Data storage giant EMC Corp. is suing a former employee in an attempt to enforce a non-compete agreement that is signed by all EMC employees.
The Hopkinton, Mass., company on Wednesday filed suit against Doron Kempel, CEO and chairman of start-up SANgate Systems Inc., asking the court to issue an injunction spiking Kempels employment at SANgate for 12 months.
In the suit, filed in Massachusetts state court, EMC also is seeking unspecified monetary damages.
Kempel, who left EMC as vice president and general manager of the Media Solutions Group this summer, led that companys rich media efforts. The non-compete agreement prohibits former employees from working for direct or indirect competitors for 12 months after leaving EMC.
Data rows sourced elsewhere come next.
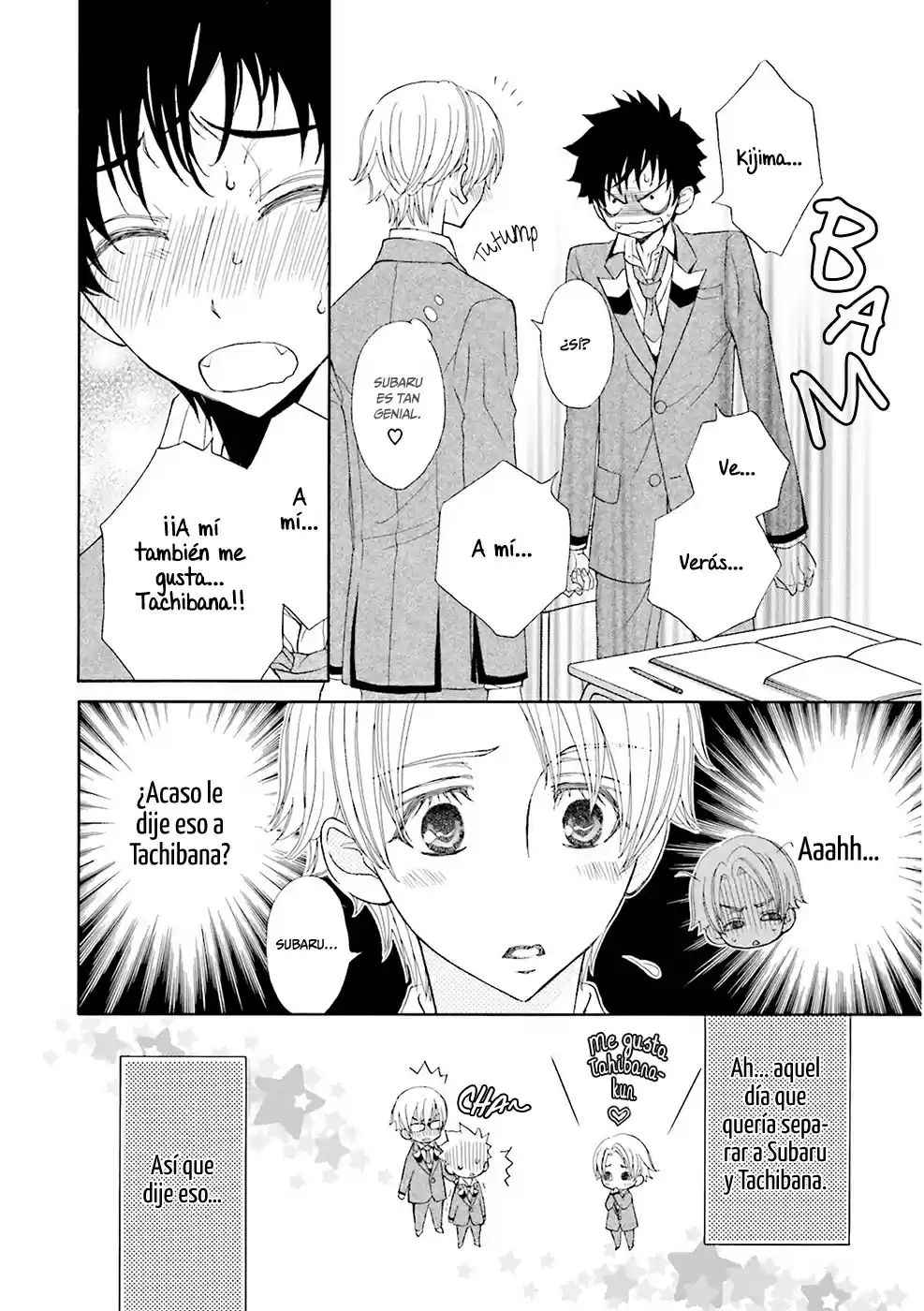 Kijima-kun (2013) - Capítulo 13 - Página 22 - LectorTMOo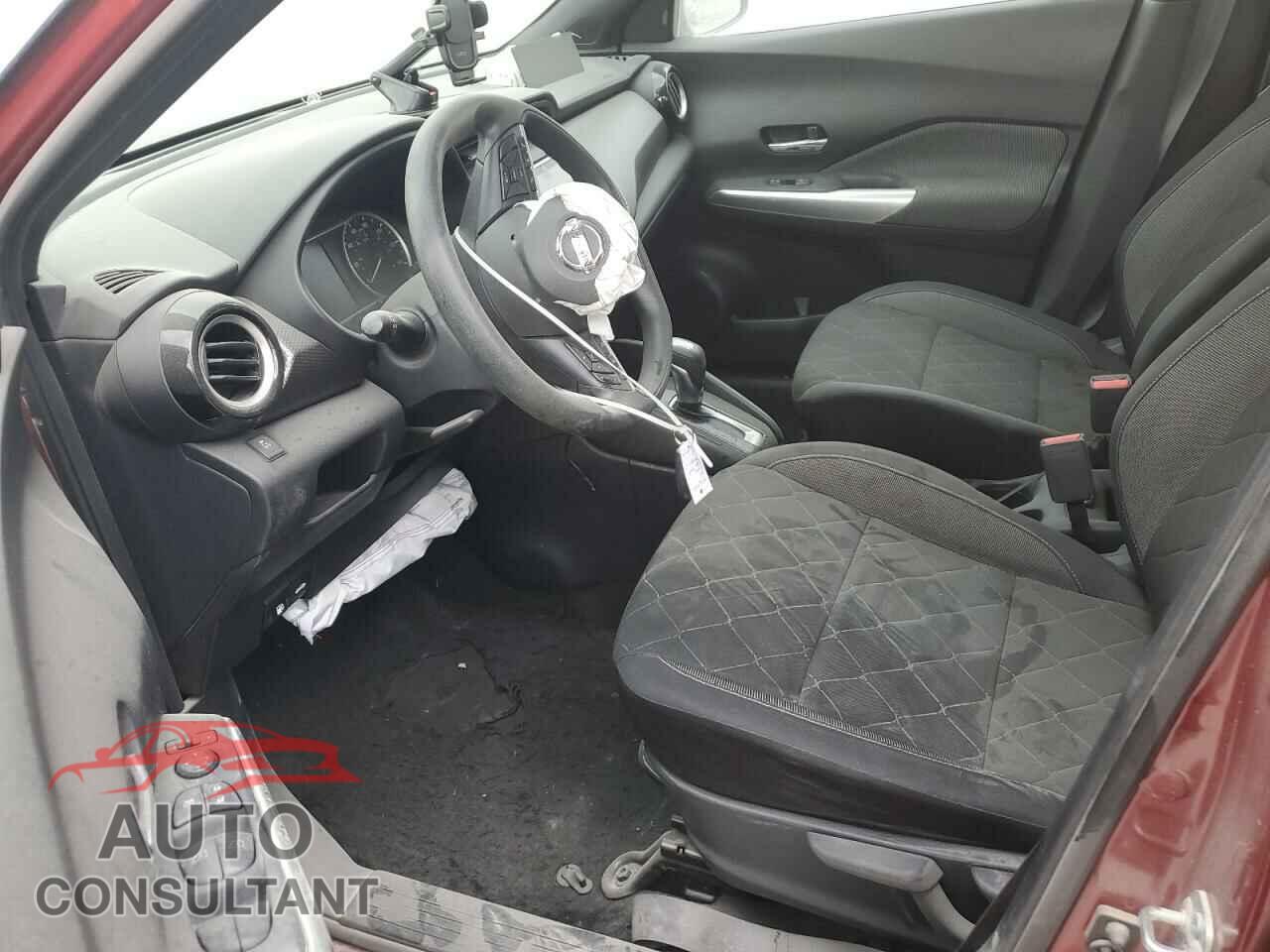 NISSAN KICKS 2019 - 3N1CP5CU3KL535112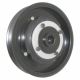 2106029 Муфта компресора кондиціонера DOOWON DVE12 DVE13 DVE16 5PV 128/122MM HYUNDAI I40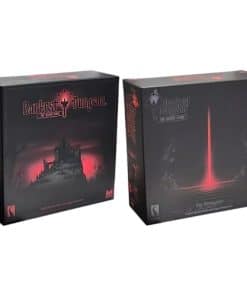 Darkest Dungeon: The Board Game � Juego de Mesa por Mythic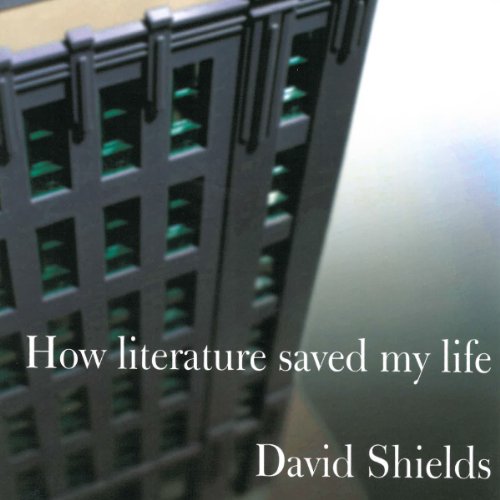 Cover of How Literature Saved My Life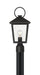 Minka-Lavery - 78005-66 - One Light Outdoor Post Mount - Parkside - Sand Coal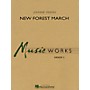 Hal Leonard New Forest March Concert Band Level 2 Composed by Johnnie Vinson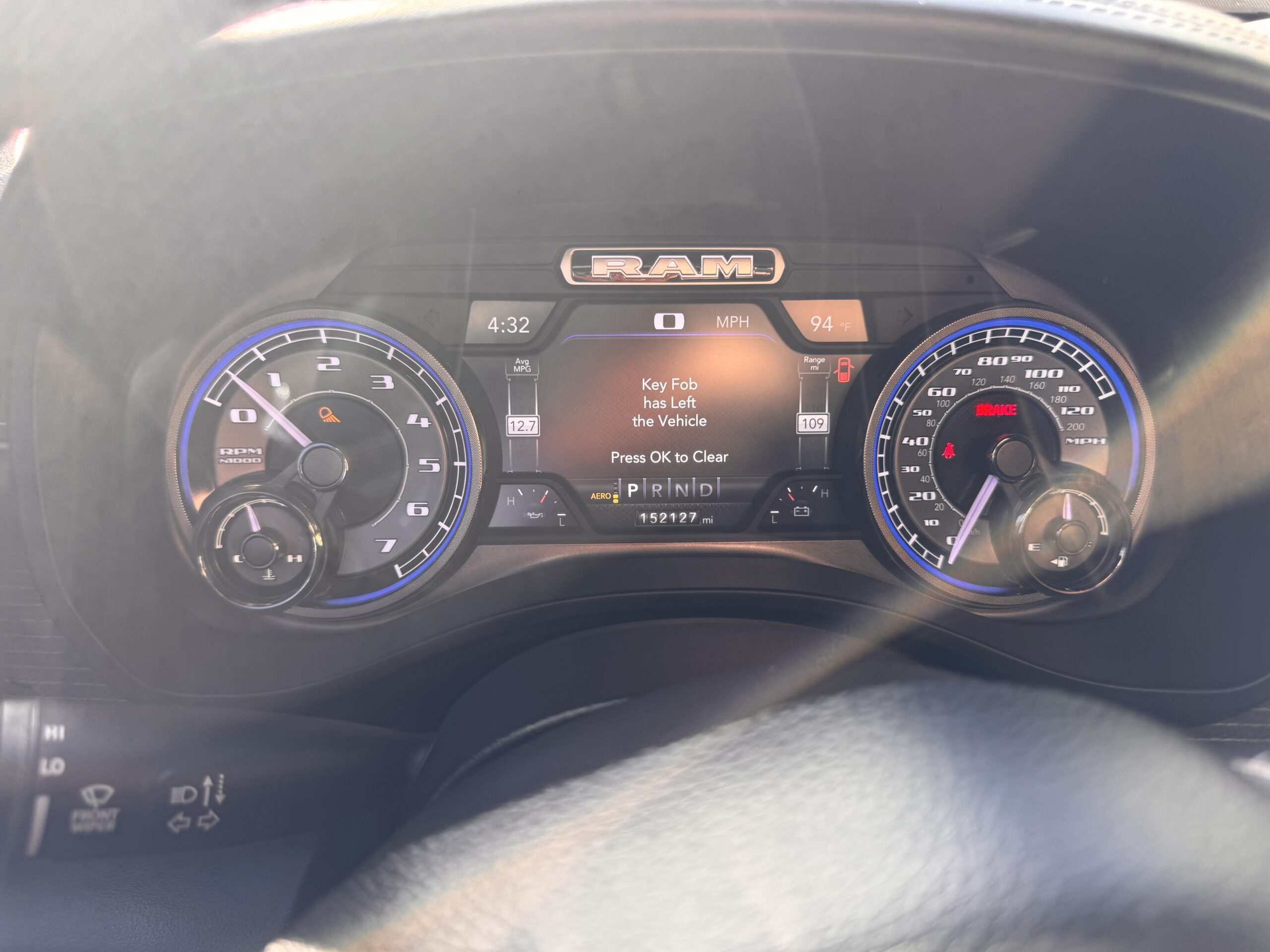 
								Ram 1500 Crew Cab Limited Pick-up V8 2019 full									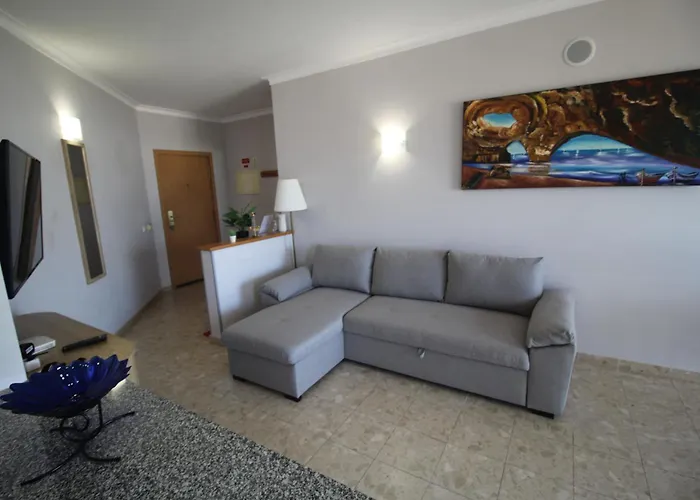 T1 Clube Mar -sol Do Algarve Apartment Portimao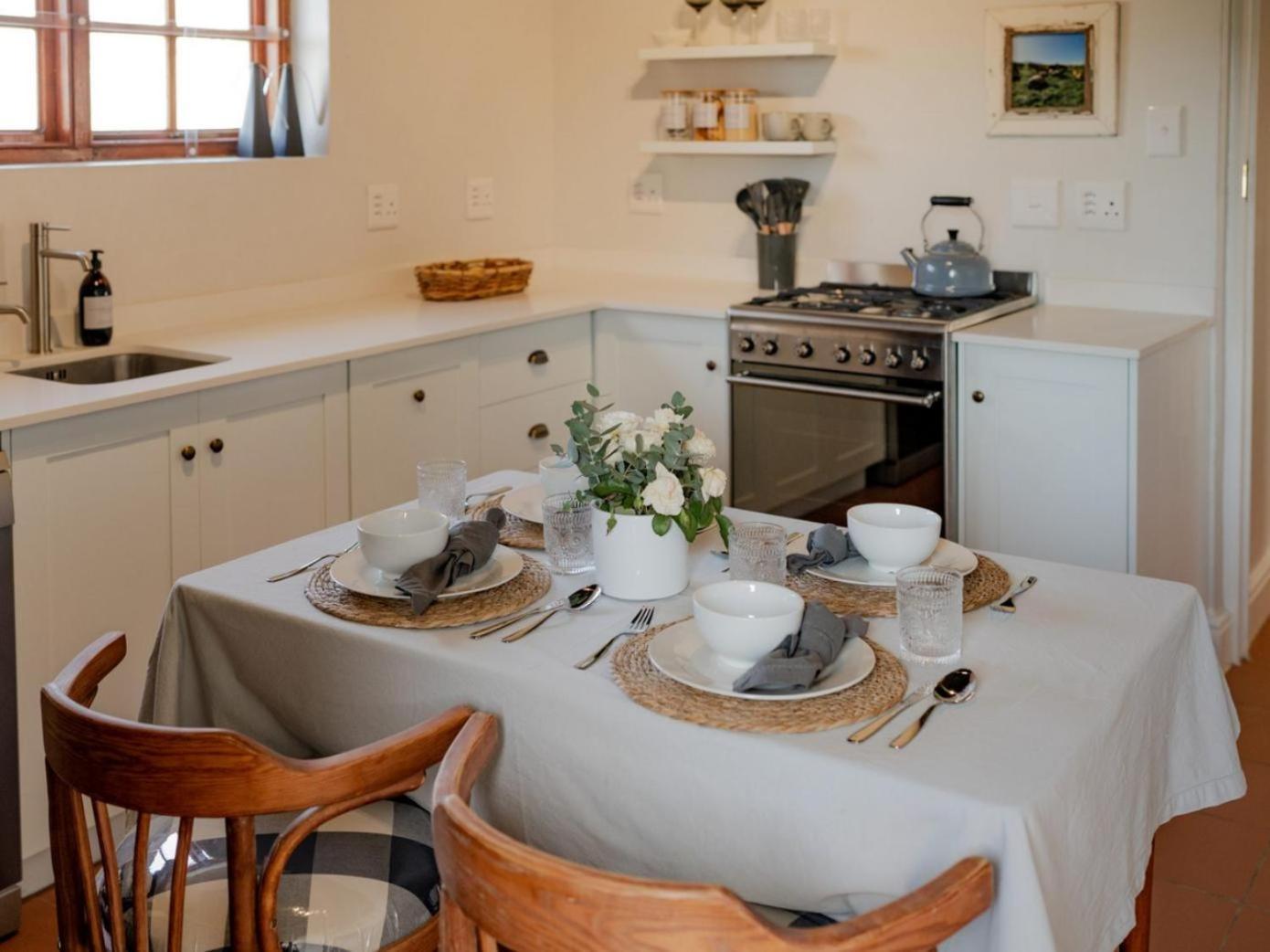 Melkhout Farm Cottage Бонивейл Стая снимка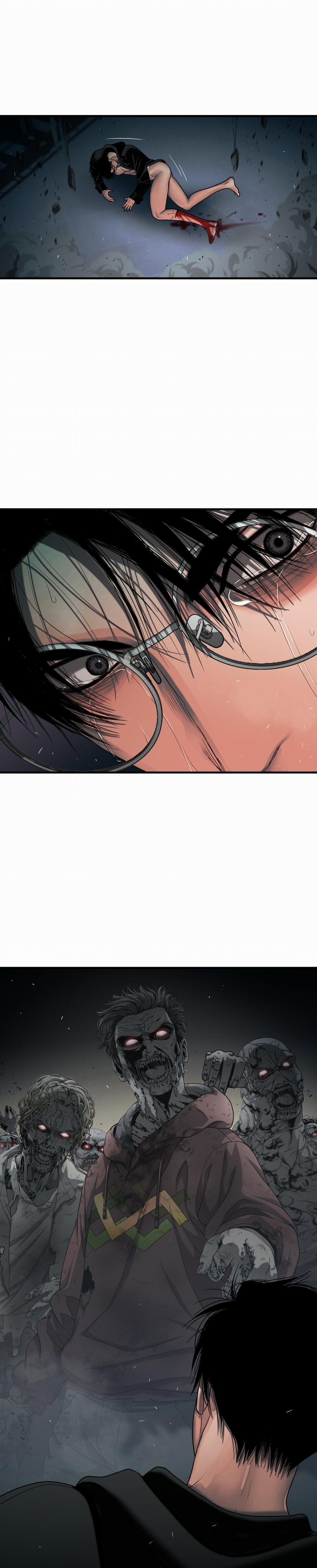 Thực Nhân Tha Hoá 25 trang 30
He said SANgate is not a competitor, negating any reason for the lawsuit. The Southborough, Mass., company makes a black box product, for sale next spring, that works like a telephone line splitter, mirroring data as its created to multiple storage devices.
“We suggested to them that before they go ahead and file a lawsuit, we should sit down with them to see if there were any synergies we could explore, [but] they were quite obtuse,” Kempel said Thursday in an interview.
Officials for EMC, which has sued former employees in the past over the non-compete agreement, declined to comment. Kempels attorney noted other recent examples from earlier this year, including lawsuits filed against Joanna Karwowska, an engineer, and Eric Mann and Todd Gresham, both salesmen.
Kempel said the lawsuit was indicative of bigger problems at EMC, which on Monday is expected to announce earnings several hundred million dollars short of its originally stated goals. Also, dormant rumors of IBM buying EMC surfaced again last week, with many analysts debating the pros and cons of such a union.